Activity →
An exact copy is needed of the lines in the entries below from the line with "Ford Fiesta - 14" up to and including the line with "GRANDE MAISON DE", and of nothing else. Leave the pictures out.

Data extract →
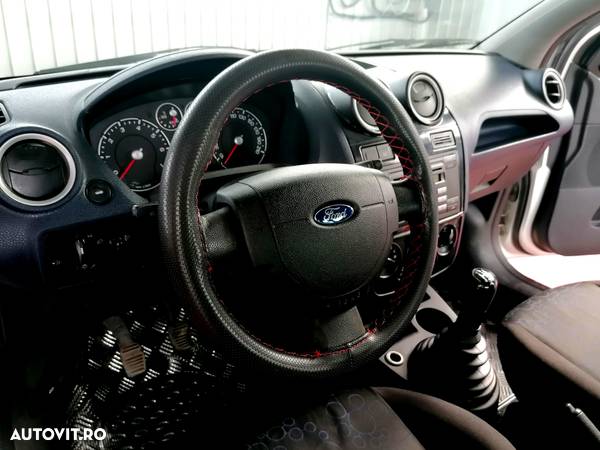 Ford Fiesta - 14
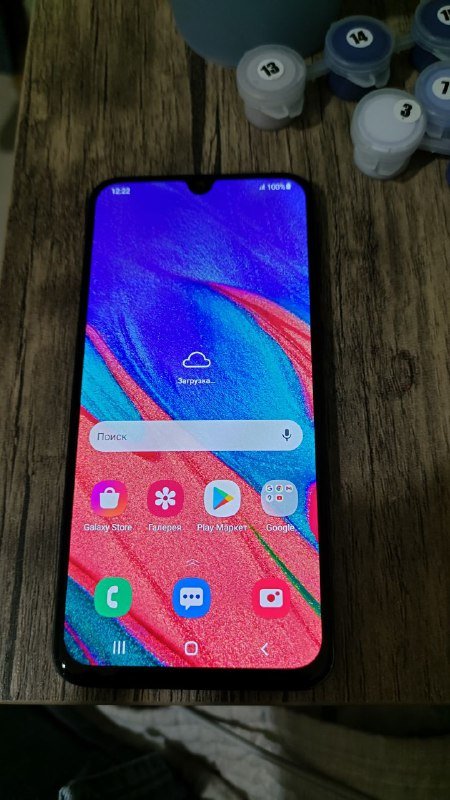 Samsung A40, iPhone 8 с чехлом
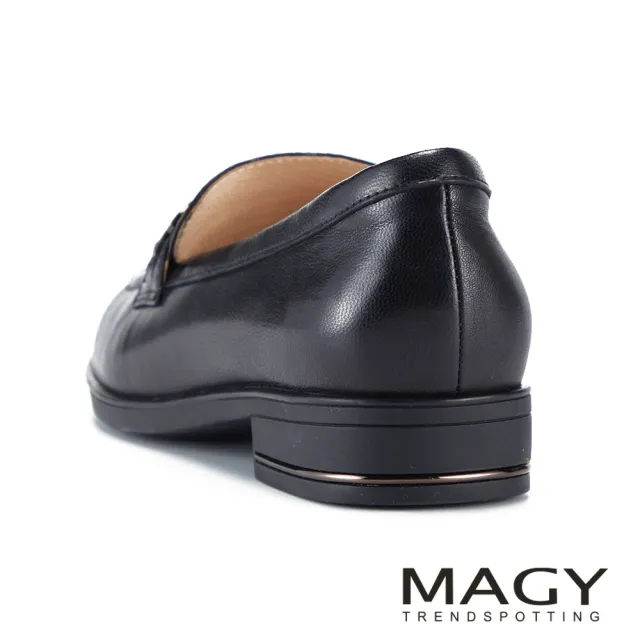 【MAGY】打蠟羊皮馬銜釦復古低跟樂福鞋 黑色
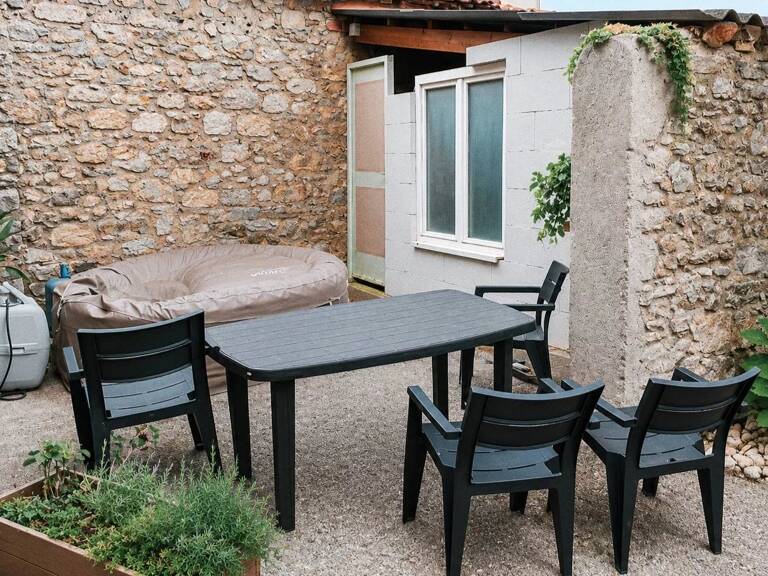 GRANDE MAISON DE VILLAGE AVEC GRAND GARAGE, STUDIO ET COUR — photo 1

---

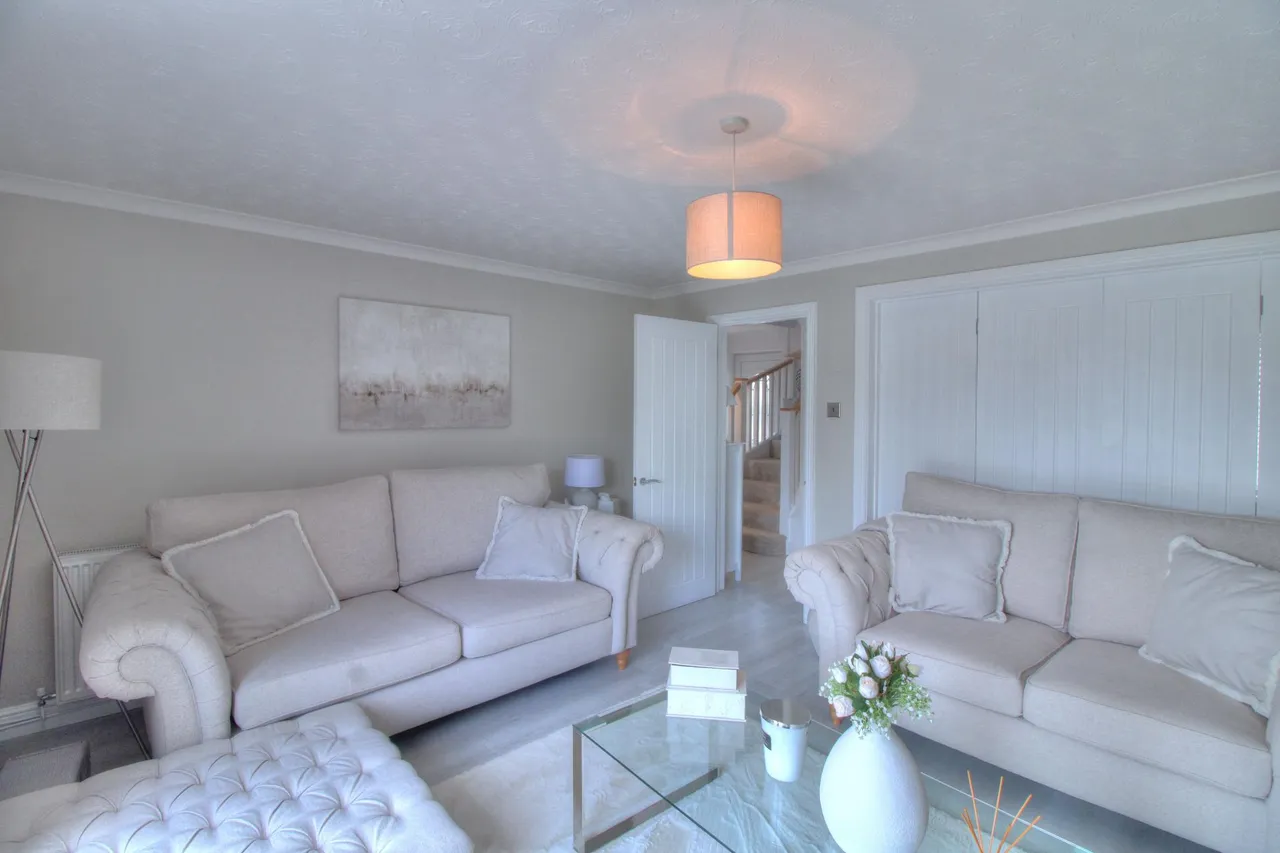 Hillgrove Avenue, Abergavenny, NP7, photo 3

Response to this exercise →
 Ford Fiesta - 14
 Samsung A40, iPhone 8 с чехлом
 【MAGY】打蠟羊皮馬銜釦復古低跟樂福鞋 黑色
 GRANDE MAISON DE VILLAGE AVEC GRAND GARAGE, STUDIO ET COUR — photo 1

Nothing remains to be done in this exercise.